A United States military judge has ruled that plea agreements reached with the alleged plotters of the September 11, 2001, attacks are valid, reversing an order made by Defense Secretary Lloyd Austin to rescind the agreements. The accused men, including Khalid Sheikh Mohammed, the alleged mastermind, may now be sentenced to life in prison instead of facing the death penalty as previously agreed. The judge, Air Force Colonel Matthew McCall, ordered that Mohammed and two others can now appear before his court to enter pleas, with a timetable for this yet to be set.
The military judge argued that while Austin had the authority to supervise the process of the case, he did not have the legal power to rescind the plea deals as the defense minister. The Pentagon is currently reviewing the judge’s decision, and prosecutors have not yet commented on the ruling, which has not been publicly announced. The cases of the accused have been mired in years of litigation over the torture of the defendants by the CIA, further complicating the legal proceedings.
Pretrial hearings have been scheduled at Guantanamo Bay for another defendant, Ammar al-Baluchi, who has not reached a plea deal, while the fifth defendant, Ramzi bin al-Shibh, was found incompetent to stand trial last September. A forensic psychiatrist is expected to testify on whether the defendants made their confessions under torture or voluntarily after years in CIA prisons. The cases are expected to take a long time before reaching a conclusion, with potential appeals on various issues likely, including the destruction of interrogation videos by the CIA.

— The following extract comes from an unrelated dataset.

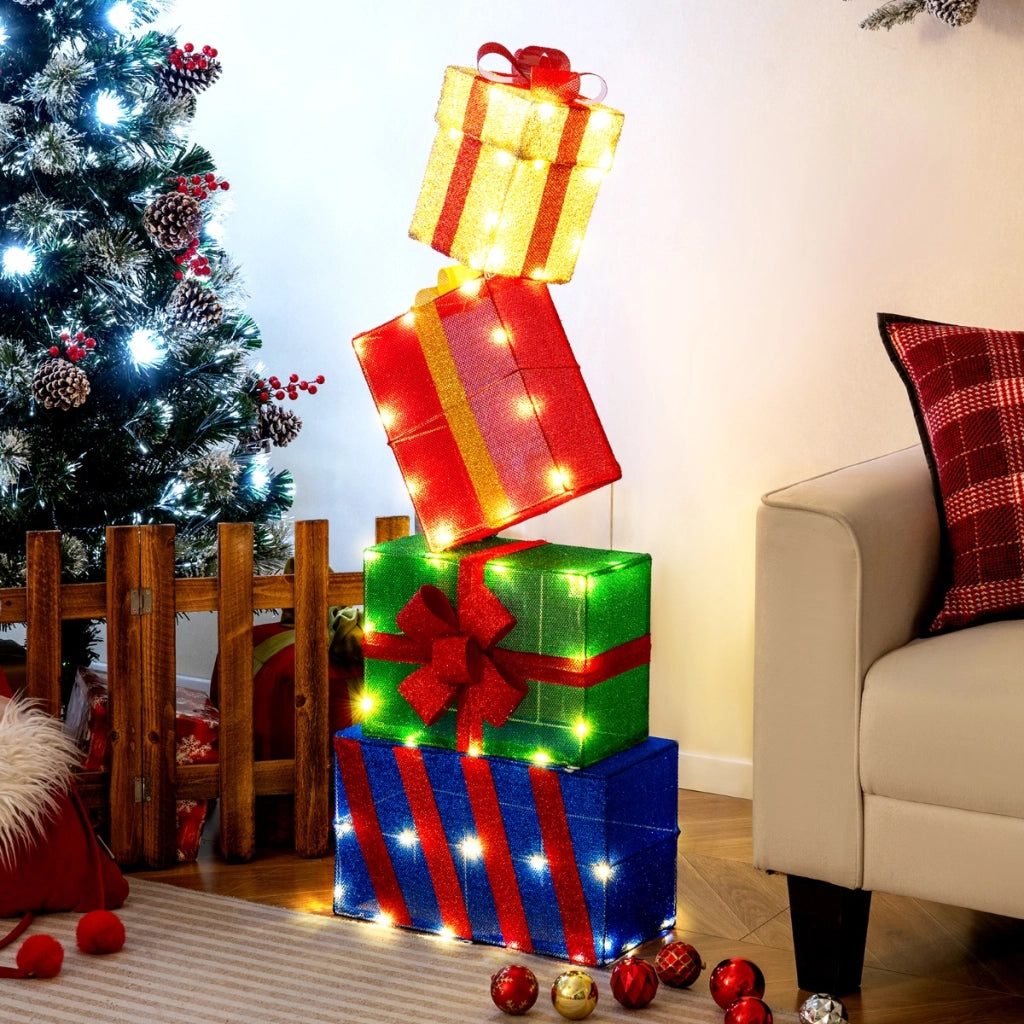 Pacchi regalo decorativi con 51 luci LED caldi fiocchi e combinazione flessibile, Set di 4 scatole regalo a LED di natale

Khalid Sheikh Mohammed, Walid bin Attash, and Mustafa al-Hawsawi, the accused men in the 9/11 attacks case, have been held in various secret CIA prisons before being transferred to Guantanamo Bay for trial. Mohammed, once a trusted man of al-Qaeda chief Osama bin Laden, was captured in Pakistan in 2003 and spent three years in secret CIA prisons. Bin Attash, a Saudi of Yemeni origin, allegedly trained some of the hijackers involved in the attacks, and al-Hawsawi is suspected of managing the finances for the attacks. Both were also held in secret CIA prisons before being transferred to Guantanamo.
The legal battles surrounding the 9/11 case have been ongoing for years, with multiple appeals likely even after potential verdicts and sentences are reached. The destruction of CIA interrogation videos and the issue of torture of the defendants are just some of the issues that will need to be addressed. The cases of the accused, including Khalid Sheikh Mohammed, who has been considered the mastermind behind the attacks, are complex and may take a significant amount of time before a resolution is reached. The recent ruling by the military judge regarding the validity of the plea agreements has added another layer of complexity to the ongoing legal proceedings.